The Star Tribune reported that the agency was ordered by a court to re-examine regulations for nonferrous mines.
Mining of any kind is already banned in the Boundary Waters and any mining that disturbs the surface is banned in the corridor. The new rules will be expand the size of a protective minerals management corridor next to the Boundary Waters.
The agency will also state lawmakers to address concerns about tailings and storage that were raised by the public through comments collected about its rule in 2021. The agency reviewed 4,000 messages and letters.
DNR's decision stems from a 2020 lawsuit filed by NMW. The suit argued that the DNR hadn't done enough to protect the Boundary Waters from pollution and degradation because the state's rules didn't cover all of the Rainy River headwaters watershed, which flows south to north, through the 1.1 million acre preserve, the Star Tribune reported.
Twin Metals, a company attempting to open a copper mine near Ely, MN, intervened in the suit. Company spokeswoman Kathy Graul wrote in a statement that it was reviewing the DNR's decision, and that the state already had “some of the most rigorous standards in the world.”
In January, the Biden Administration imposed a 20-year ban on mineral leases on 225,000 acres of national forest land in northern Minnesota, including Twin Metal’s mine site.
Last year, the administration also canceled Twin Metal's mineral leases. The company sued in federal court, where the case is still pending.
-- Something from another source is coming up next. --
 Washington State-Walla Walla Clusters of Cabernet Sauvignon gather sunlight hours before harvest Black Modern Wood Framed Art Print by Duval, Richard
Graul wrote that “we remain committed to advancing a modern mining project that is protective of the environment and that meets or exceeds all state and federal standards.”
While the DNR is taking action based on light and noise concerns, the agency will not consider air and water issues as it re-examines its rule. In its decision, it pointed to existing Minnesota Pollution Control Agency regulations that already protect air and water quality.
NMW and Twin Metals both have 30 days to challenge the decision by asking for a contested case hearing, where parties can bring experts before a judge to analyze the details of the DNR's decision.